Современная китайская проза
Шрифт:
Ли Чжэньчжун был в смятении. К нему возвращалось то болезненное состояние, когда он слышал лишь звуки, не воспринимая смысла. То ли дрема наваливается, то ли голова слегка кружится. Голос Юй Вэйлинь гремел в ушах. Он хотел сделать шаг навстречу этому суетному, резкому, прерывающемуся голосу, а мир вокруг него то погружался во тьму, то высветлялся, расплывался и вновь возникал. Янцзы стремится на восток, пролет за пролетом моста, грохот, вспышки, утренний ветерок, ущербная луна, зеленая сосна, изумрудные бамбуки, птица Пэн раскинула гигантские крылья… Объятия молодых людей… Я кого-то убил, ранил, захватил американские винтовки… Тело Ли Чжэньчжуна обмякло, и он соскользнул со стула, на котором сидел. Юй Вэйлинь испуганно вскрикнула.
X
Ли
— С нервами у меня все в порядке, — заявил Ли Чжэньчжун.
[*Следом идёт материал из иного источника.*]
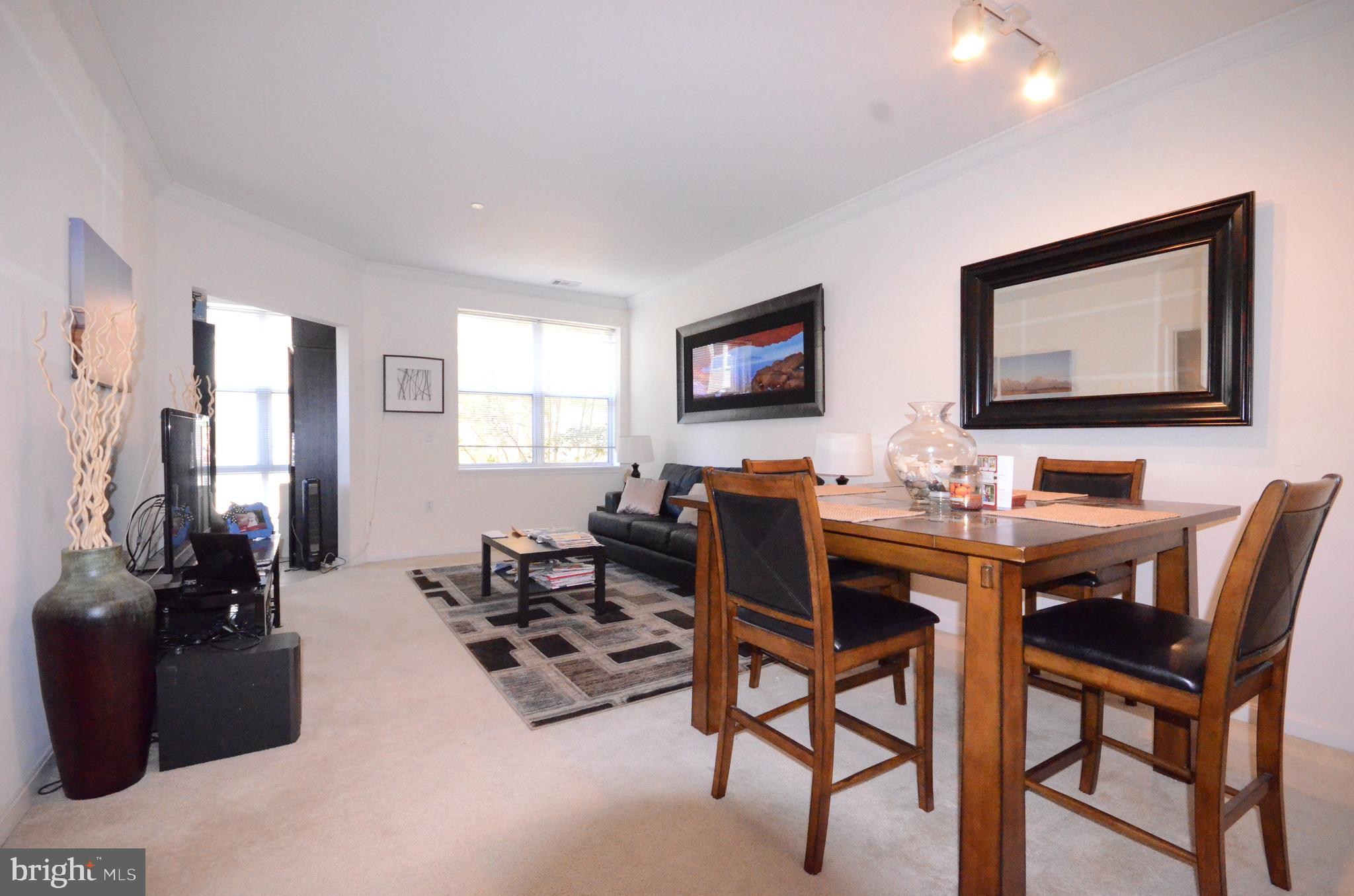 PIERSIDE AT HARBORVIEW - Residential Lease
Закашлялся, и тогда врач выложил диагноз — «инфицированы верхние дыхательные пути». Чжан Цинь и Юй Вэйлинь остались врачом весьма недовольны, но Ли Чжэньчжун и сам понял, что никаких изменений в организме не произошло, и предложил прекратить исследования, но врач настоял на госпитализации.
Ли Чжэньчжун провел на койке две с лишним недели. Врачи считали, что нельзя выписывать, пока не установят причину обмороков. Местное начальство, навещавшее его, тоже полагало, что тут таится какая-то опасность, рекомендовало больше не разгуливать одному, советуя брать сопровождающего. Трижды звонило руководство его собственного учреждения. Но сам он считал, что проблемы никакой не существует, и настаивал на выписке. Ясно, что это сигнал, видимо, в тот день он поступил несколько опрометчиво, взобравшись на пагоду Шести гармоний. И в то же время Ли Чжэньчжун раздумывал: а может, по этой-то причине решение подняться на пагоду было верным? Надо ловить момент, время не возвращается, кто знает, не поднимись тогда — не поднялся бы никогда?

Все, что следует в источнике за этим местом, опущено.